Faculty characteristics, such as years in practice and evaluation score, were also significant predictors of feedback characteristics. Junior faculty and faculty with higher evaluation scores were more likely to provide specific feedback and coaching. Interestingly, faculty with lower evaluation scores were more likely to provide evaluation feedback or compare the residents against a set of standards. Interestingly, the volume of operations with a resident was not a significant predictor. This variable was selected as a potential surrogate of identifying a relationship between faculty and residents with the assumption that higher case volumes indicate increased familiarity with residents. The sample size was insufficient to look at direct pairings between faculty and residents to understand the impact of familiarity, which represents a potential focus for future studies.

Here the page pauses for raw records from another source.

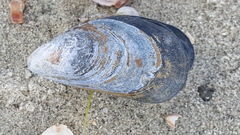Mytilus edulis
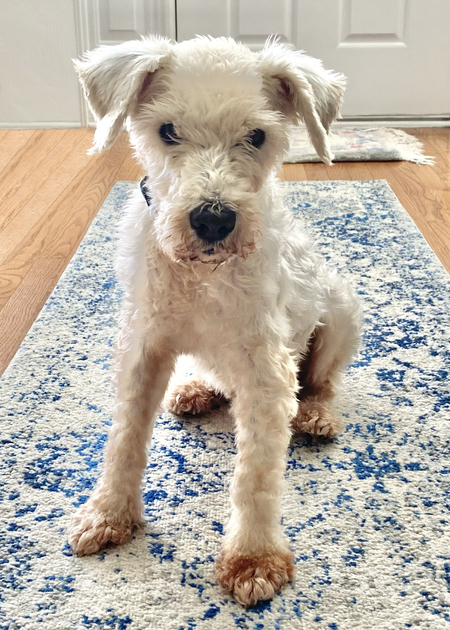 Benny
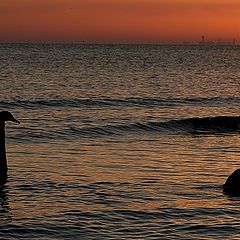 photo "2 Swans"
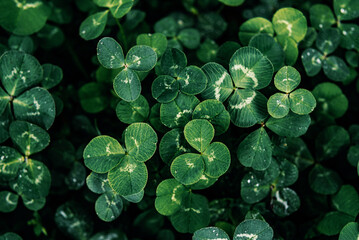 Wall Mural - Green clover leaves natural background, St Patrick's Day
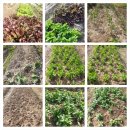 선동농장 이미지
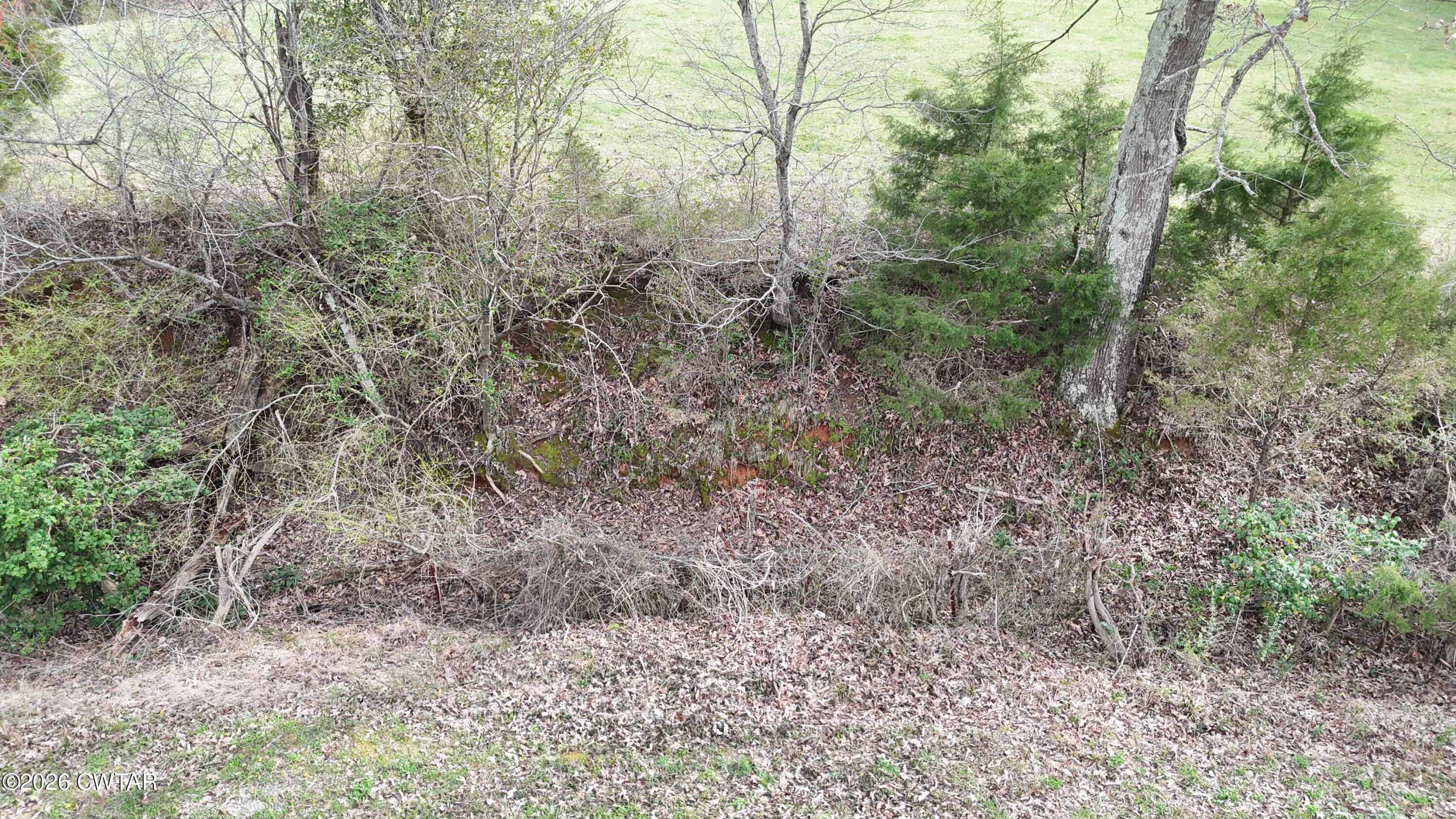 -tract #1 Brazil Bottom Road Lexington, TN 38351 - Photo 13 of 13 a view of a yard with large trees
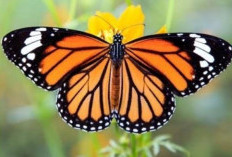 Menguak Lepidopterofobia: Bagaimana Terapi Pemaparan Menjadi Kunci Mengatasi Fobia pada Kupu-Kupu?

There are several limitations within our study that moderate our findings. We selected five feedback characteristics based on the literature and expertise of our leadership team; however, this is not an exhaustive list. There are likely other feedback characteristics and scoring systems that could provide additional insight into the types of narrative feedback provided. Another limitation is that this study was conducted during the first year of implementation of EPAs at our institution. Therefore, there was varying levels of completion of the assessment forms across surgical subspecialities and individual faculty. Therefore, the results are not equally representative across surgical divisions and faculty. As well, the narrative feedback section of this EPA assessment tool, while on other assessment tools it is optional. This could influence the type of narrative feedback delivered, as optional feedback might be chosen only when faculty has strong opinions. Finally, we conducted this study at a single large academic medical center; findings most likely apply to similar institutions.

Overall, we identified different feedback characteristics and their predictors including resident entrustment, performance, case factors, and resident/faculty characteristics. Our findings highlight potential areas for faculty development to improve the quality of narrative feedback provided on EPA assessment tools. As well, we identified future areas of study such as the role of gender and the faculty/resident relationship on feedback characteristics.